Set the material down again exactly, line by line, skipping each picture.

MATERIAL PROVIDED START

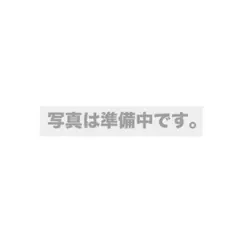 CONNECTION FLAT 10-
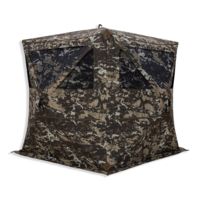 Barronett Blinds Blockout 350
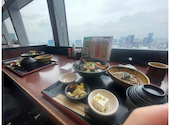 北海道 カレッタ汐留店: アッコちゃんさんの2026年07月05日の1枚目の投稿写真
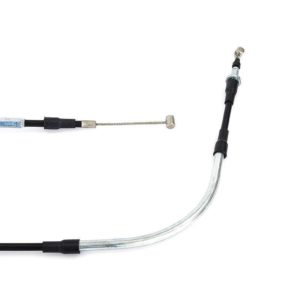 Cable embrague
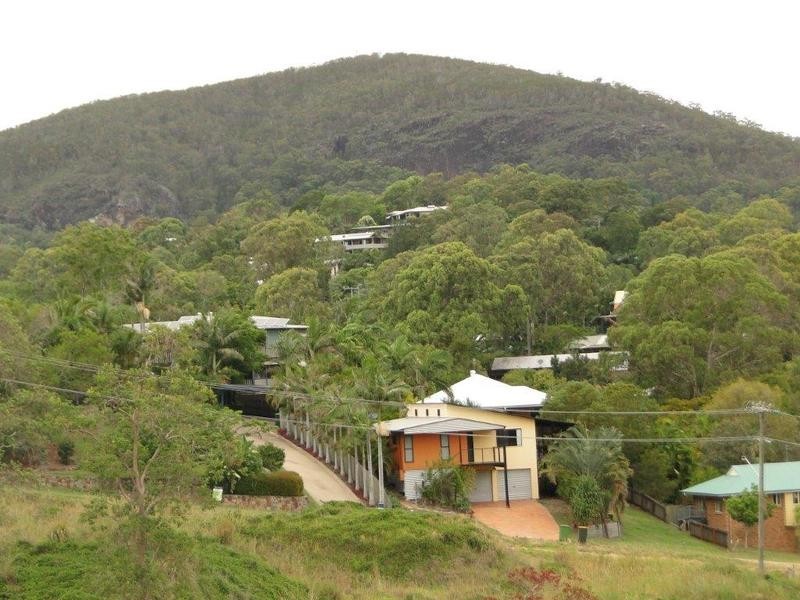 23 Ella Marie Drive, Coolum Beach QLD 4573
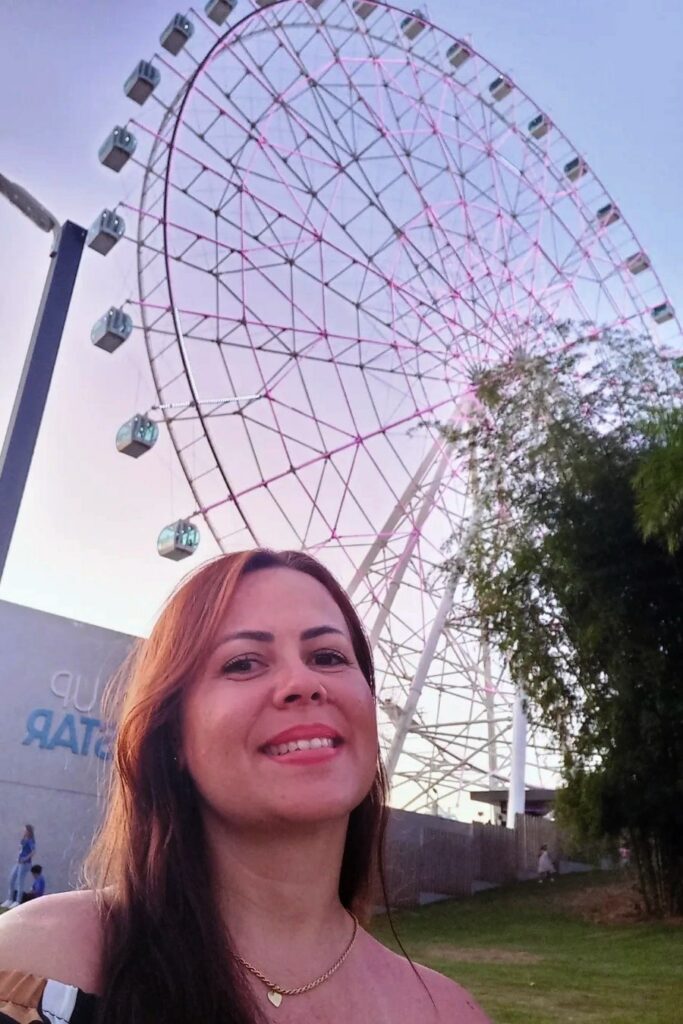 Confira os aniversariantes desse dia 10/11/25, por Dora Nunes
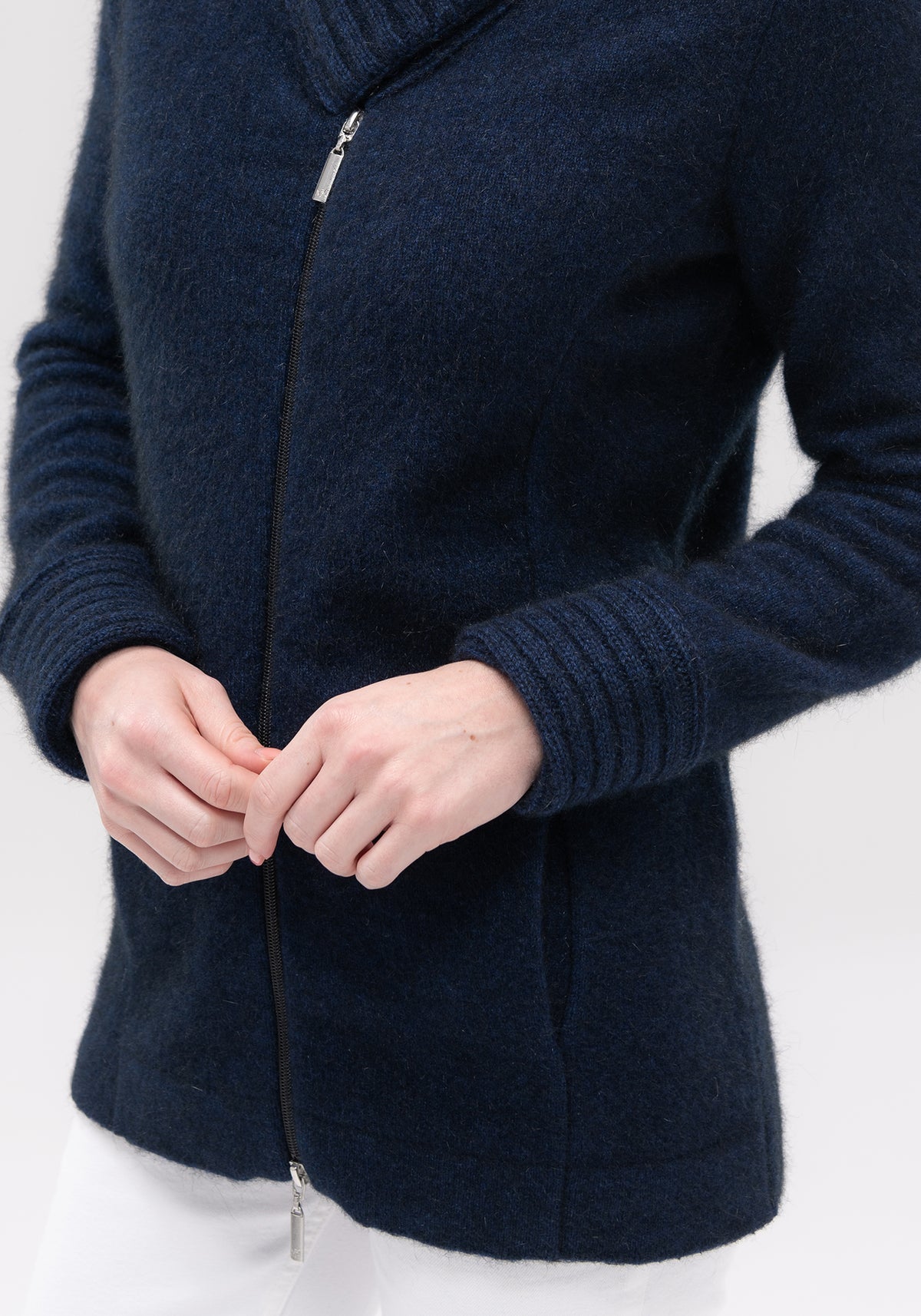 Selwyn Jacket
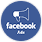 BizApps Logo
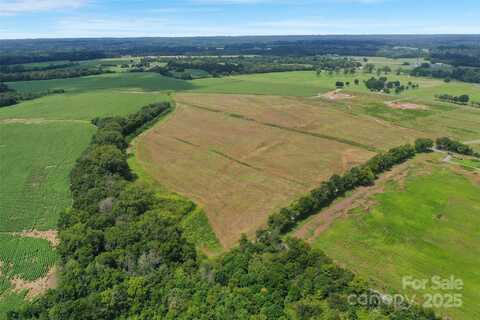 Milling Road unit: 6, Rock Hill, SC 29730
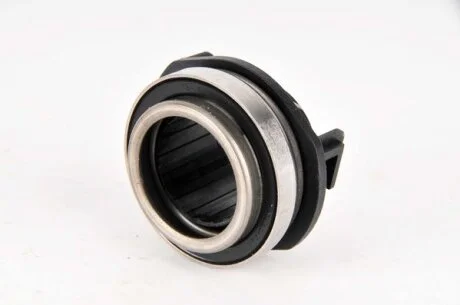 Подшипник выжимной RENAULT (пр-во Luk) LuK 500 0254 10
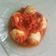Cooksnap dari Thary untuk resep Telur balado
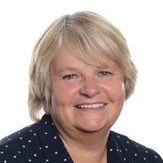 Gitte Damgaard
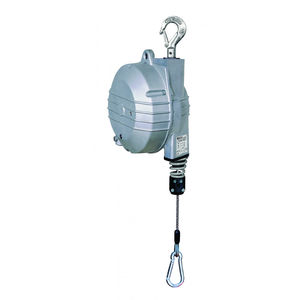 équilibreur d'outil avec câble en acier inoxydable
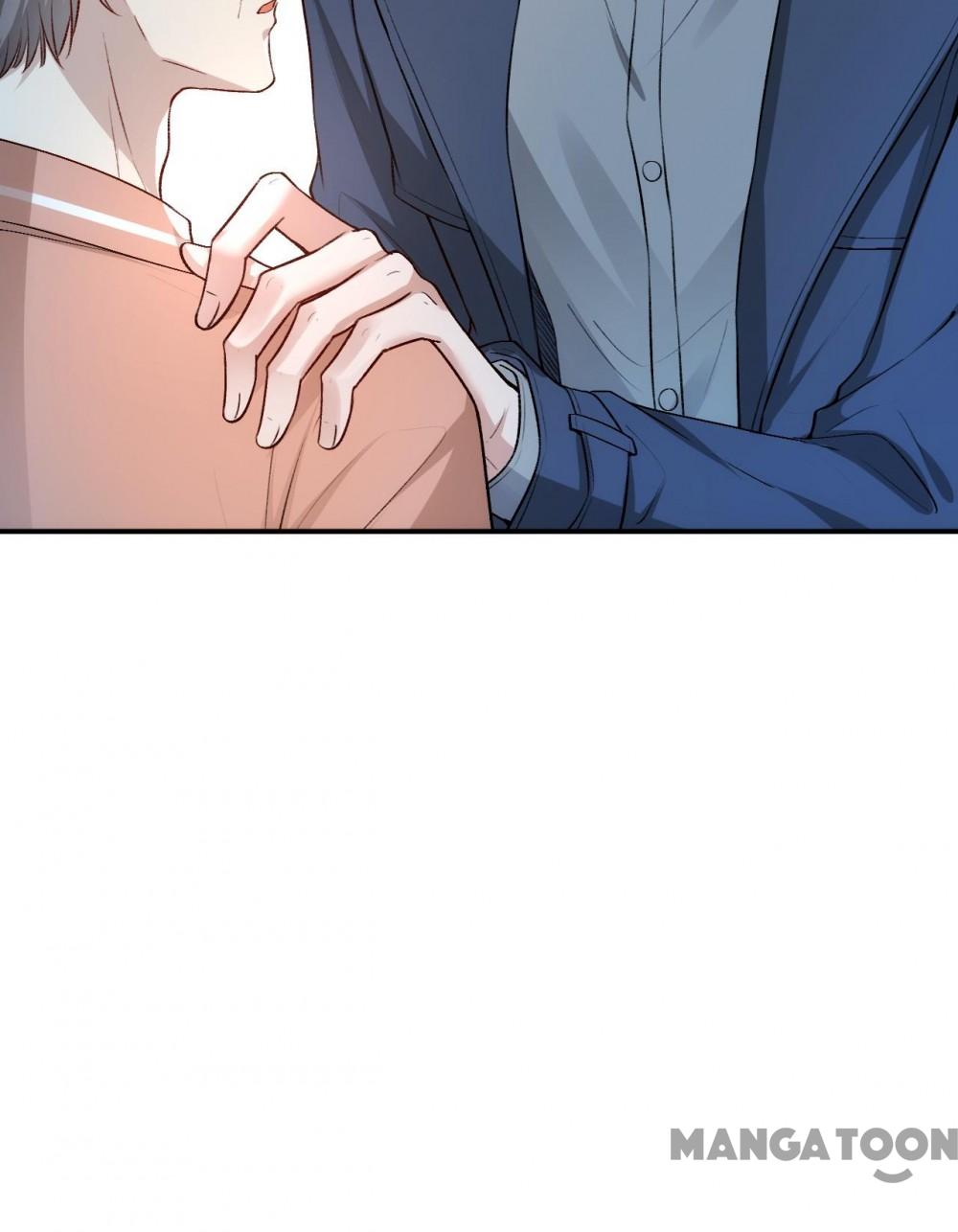 Read Proving Them Wrong Everyday Manga Online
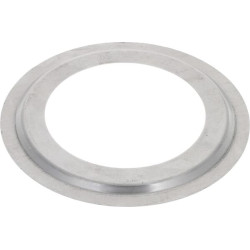 Skambinkite 0301005220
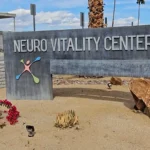 Eisenhower Health Purchases Neuro Vitality Center in Palm Springs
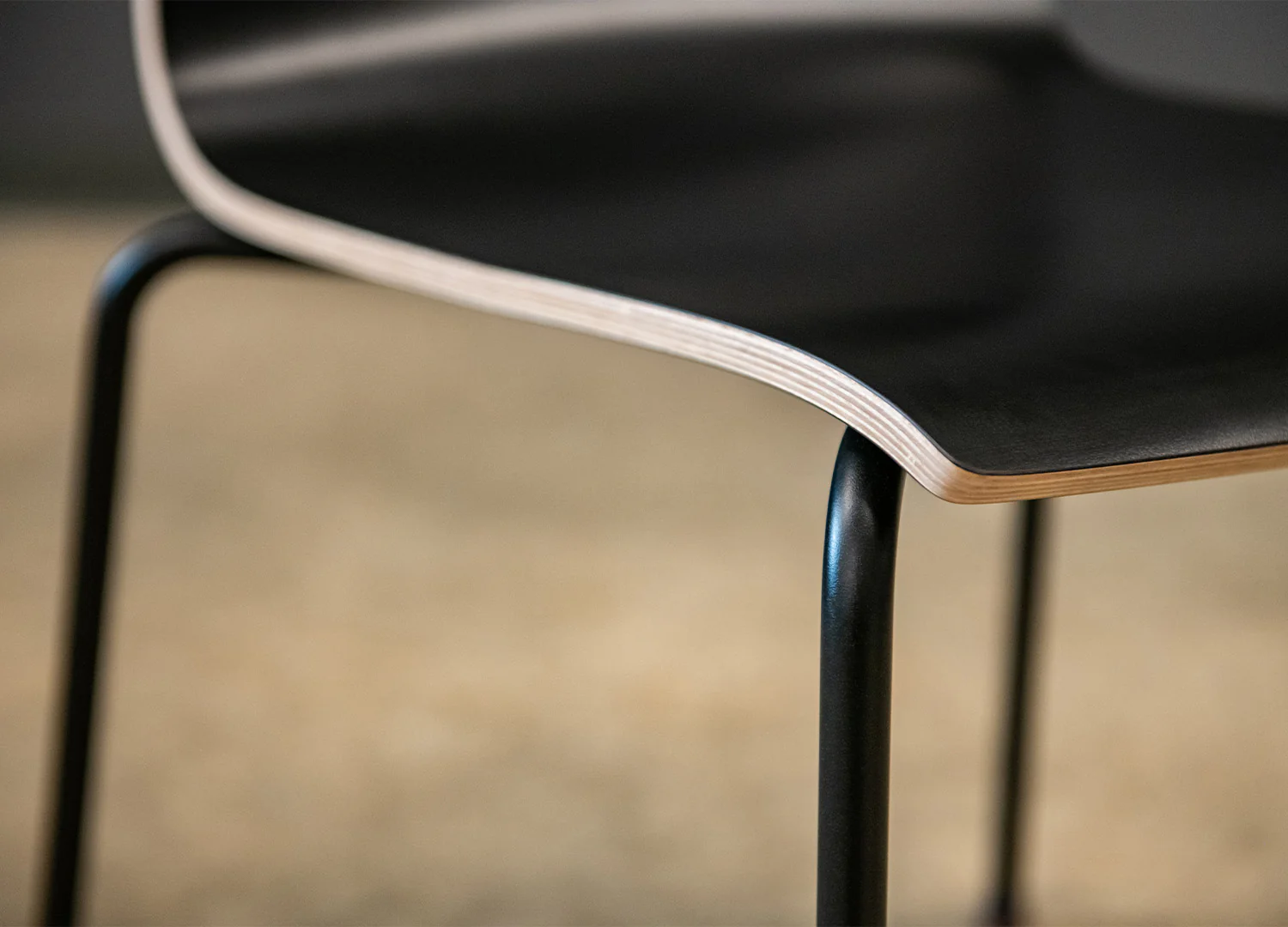 Contempo Chair - Image 11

MATERIAL PROVIDED END

### SOLUTION
 CONNECTION FLAT 10-
 Barronett Blinds Blockout 350
 北海道 カレッタ汐留店: アッコちゃんさんの2026年07月05日の1枚目の投稿写真
 Cable embrague
 23 Ella Marie Drive, Coolum Beach QLD 4573
 Confira os aniversariantes desse dia 10/11/25, por Dora Nunes
 Selwyn Jacket
 BizApps Logo
 Milling Road unit: 6, Rock Hill, SC 29730
 Подшипник выжимной RENAULT (пр-во Luk) LuK 500 0254 10
Cooksnap dari Thary untuk resep Telur balado
 Gitte Damgaard
 équilibreur d'outil avec câble en acier inoxydable
 Read Proving Them Wrong Everyday Manga Online
 Skambinkite 0301005220
 Eisenhower Health Purchases Neuro Vitality Center in Palm Springs
 Contempo Chair - Image 11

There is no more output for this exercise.